9. The method according to claim 7, wherein the method further comprises:
ranking, in response to a number of base images stored in the base image library being equal to a preset image number threshold and the base image library receiving at least one third base image, the first base images in descending order of probability that shading interference is present, deleting first base images corresponding to N top-ranked probabilities, and saving the at least one third base image in the base image library, wherein N is a positive integer greater than or equal to 1, and N is equal to a number of third base images.
10. The method according to claim 1, wherein the method further comprises:
inputting the plurality of residual images into a pre-trained shading interference detection network, to obtain a prediction result outputted from the shading interference detection network which indicates whether shading interference is present in the first base image.

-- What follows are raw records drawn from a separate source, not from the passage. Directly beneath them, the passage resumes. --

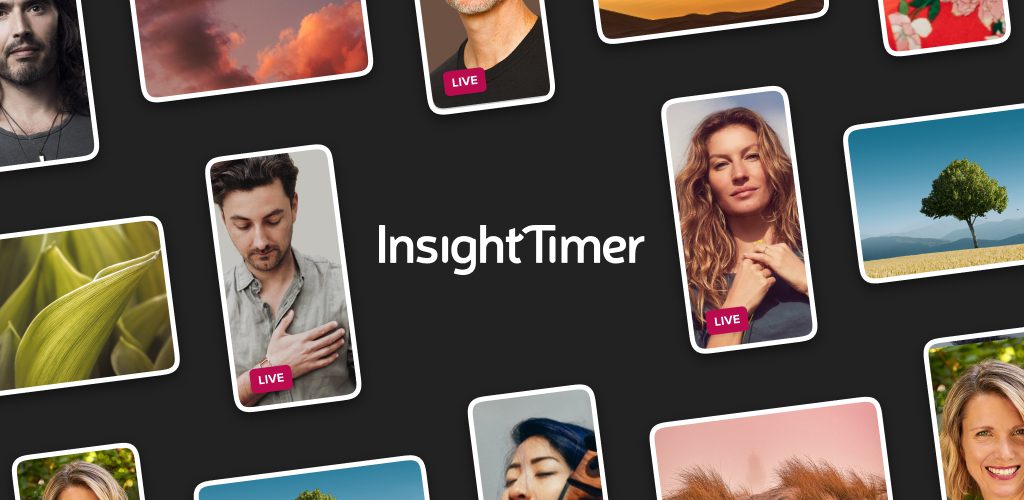 Insight Timer - Free Meditation App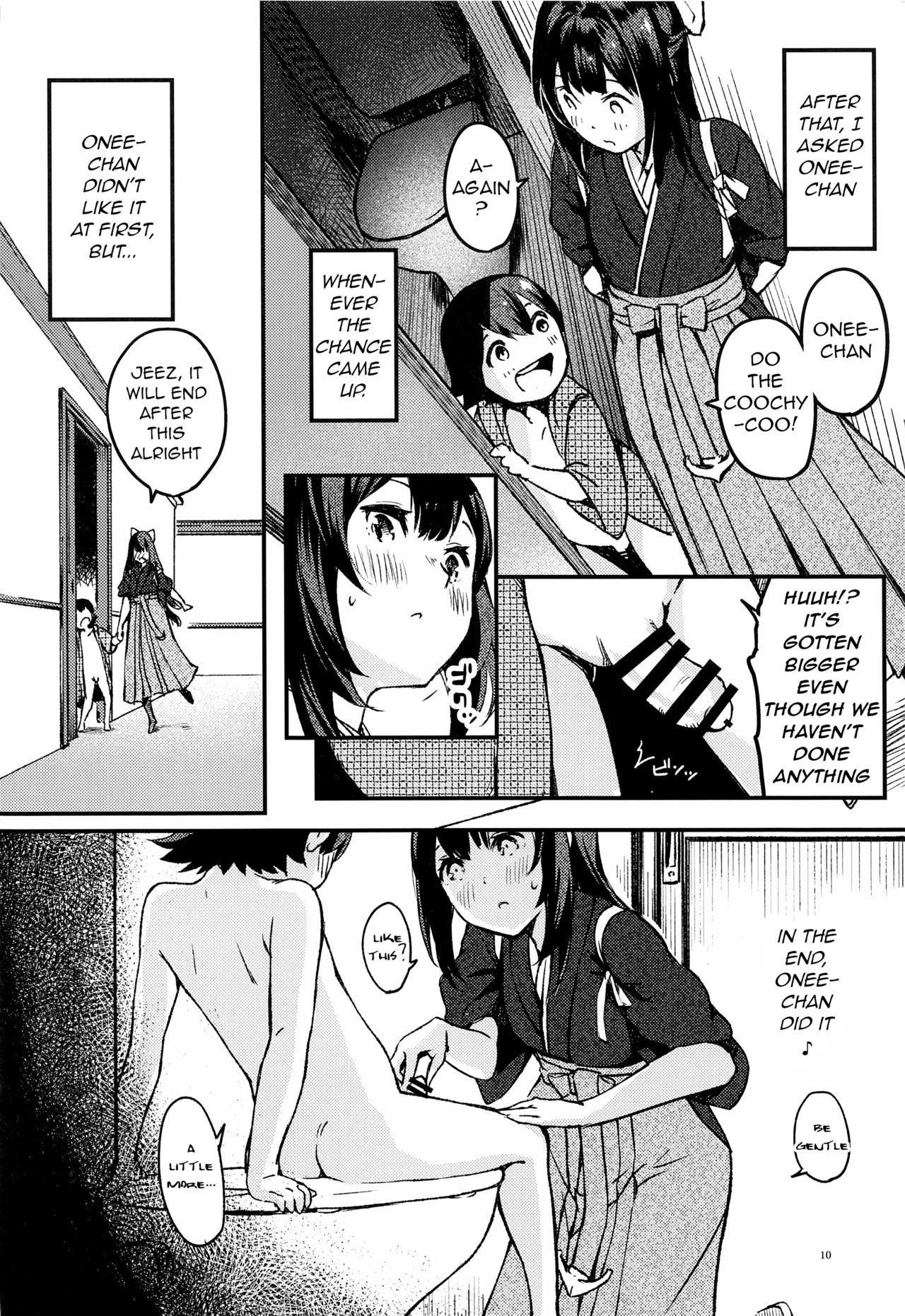 Kamikaze Onee-chan to Issho. | Together with Kamikaze Onee-chan page 8 full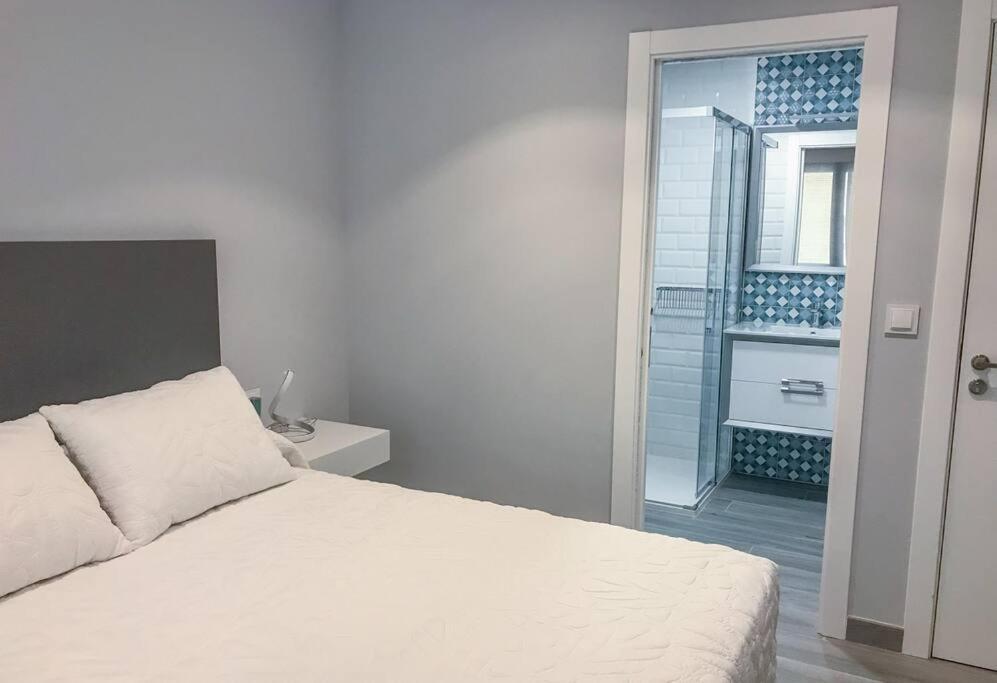 Sakura Homes Ponferrada Centro 8 Plazas Экстерьер фото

11. An apparatus for optimizing a base image library, comprising:
a determination unit configured to determine a first base image and a plurality of second base images from the base image library, wherein the base image library comprises a plurality of base images collected by a fingerprint sensor from a detection region without a detection object, and the first base image is different from the second base images;
a calculation unit configured to calculate a difference between the first base image and each of the plurality of second base images respectively, and obtain a plurality of residual images based on the calculation result; and
a deletion unit configured to delete, in response to determining based on the plurality of residual images that shading interference is present in the first base image, the first base image from the base image library.
12. An electronic device, comprising: a processor, a memory, a communication interface, and a communication bus, wherein the processor, the memory, and the communication interface implement communication with each other through the communication bus; and
the memory is configured to store at least one executable instruction, and the executable instruction causes the processor to execute the method for optimizing a base image library according to claim 1.